Babysitters: Curse or Cure?

It’s dangerous to keep a lazy, ‘don’t-care’ babysitter around

Monique showed up at my house last Wednesday, visibly upset. She had gone to pick up her son from a babysitter who also happens to be a good friend of hers. To her surprise, her 12-month-old was drowning in his own urine. The child had been dropped off earlier that morning, along with a handbag stuffed with change of clothes, extra diapers, and wipes. But Monique came back to see her son’s clothes drenched.

“This is the fourth time. I’ve talked to her but she still does it. How can an infant spend the entire day without being changed? I make sure to stuff his diaper bag whenever I’m dropping him off,” she explained, with bloodshot eyes.

Monique’s son is dropped off at the babysitter’s at early as 9:00AM and is picked up as late as 8:00PM, Monday through Friday. She works as a senior beauty consultant/makeup artist at a leading beauty brand in Bethesda, MD.

Unfortunately, her child’s nanny is the ideal ‘I-don’t-care’ type who’s only interested in being paid for doing practically nothing. For 11 hours, this one-year-old is left to roam the babysitter’s living room, falling asleep whenever and wherever he can, waking up in wet diapers and waiting around for mommy’s return.

Interestingly, however, Monique’s experience with this nanny is not an isolated case.

Affordable Care

Most African babysitters provide affordable services

A Mousso d’Afrika investigation has found that this babysitter’s strategic location in the neighborhood makes her the go-to for nearly every African mother looking for alternative childcare. Being an immigrant from West Africa further polishes her competitive advantage —making her the perfect babysitter in the area. Majority  of her customers are themselves immigrant mothers looking for affordable childcare, even though her services are awful. 

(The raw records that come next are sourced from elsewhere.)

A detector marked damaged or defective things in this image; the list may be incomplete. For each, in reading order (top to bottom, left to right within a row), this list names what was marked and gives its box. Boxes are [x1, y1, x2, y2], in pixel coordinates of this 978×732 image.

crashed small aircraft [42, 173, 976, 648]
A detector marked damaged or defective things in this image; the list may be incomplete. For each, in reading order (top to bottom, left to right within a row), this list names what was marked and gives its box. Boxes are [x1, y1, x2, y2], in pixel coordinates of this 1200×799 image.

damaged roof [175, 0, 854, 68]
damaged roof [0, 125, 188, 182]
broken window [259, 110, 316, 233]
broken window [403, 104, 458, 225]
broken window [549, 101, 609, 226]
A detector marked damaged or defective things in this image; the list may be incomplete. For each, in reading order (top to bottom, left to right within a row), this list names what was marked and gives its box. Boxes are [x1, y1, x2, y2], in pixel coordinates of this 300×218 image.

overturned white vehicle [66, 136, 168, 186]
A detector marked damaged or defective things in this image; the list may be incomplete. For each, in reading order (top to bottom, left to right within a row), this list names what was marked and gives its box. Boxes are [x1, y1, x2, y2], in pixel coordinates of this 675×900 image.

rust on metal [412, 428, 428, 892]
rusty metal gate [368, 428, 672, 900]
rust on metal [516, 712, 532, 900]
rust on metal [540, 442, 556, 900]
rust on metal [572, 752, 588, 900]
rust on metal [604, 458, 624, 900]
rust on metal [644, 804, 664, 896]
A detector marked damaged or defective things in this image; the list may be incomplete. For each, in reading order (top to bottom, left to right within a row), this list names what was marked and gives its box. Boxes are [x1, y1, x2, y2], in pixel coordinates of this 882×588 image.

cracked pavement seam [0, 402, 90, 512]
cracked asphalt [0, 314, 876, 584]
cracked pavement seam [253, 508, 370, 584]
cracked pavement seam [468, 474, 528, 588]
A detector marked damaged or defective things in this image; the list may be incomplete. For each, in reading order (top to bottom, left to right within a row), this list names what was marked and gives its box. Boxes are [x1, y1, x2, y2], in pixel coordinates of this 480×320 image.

“She keeps our babies dirty, and that hurts. What a woman, and a mother, does that? This woman is a mother of three children. So, she knows and understands what it means to properly care for a child,” a not-so-happy customer noted.

But soaring daycare rates compel most immigrant mothers, especially African moms, to solicit alternative childcare, such as low-cost babysitters, though the service may be appalling.

For instance, in Gaithersburg, MD, regular daycare fees start at $300 per week for preschoolers. That’s a total of $1,200 per month, compare to $300 or $400 spent on babysitters monthly.  Besides, the $1,200 average monthly daycare fee is way beyond the operating budgets of most immigrant moms making anywhere between $9 to $14 an hour.

On average, babysitters of the African immigrant community of Gaithersburg charge $15 per child, per day. Monique’s babysitter charges $15 per child (ages 5 to 10) and $20 per toddler. And with nearly 20 children making the rounds at her house on a daily basis, one can safely say that this nanny nets nearly $2000 in babysitting fees daily.

“Yet, she refuses to properly care for our kids. Granted, toddlers will get messy when they play. But if our kids consistently need changing when we pick them up, or are always soaking in their own urine, that’s a problem,” Hady, another frustrated mother, told Mousso d’Afrika in an exclusive interview.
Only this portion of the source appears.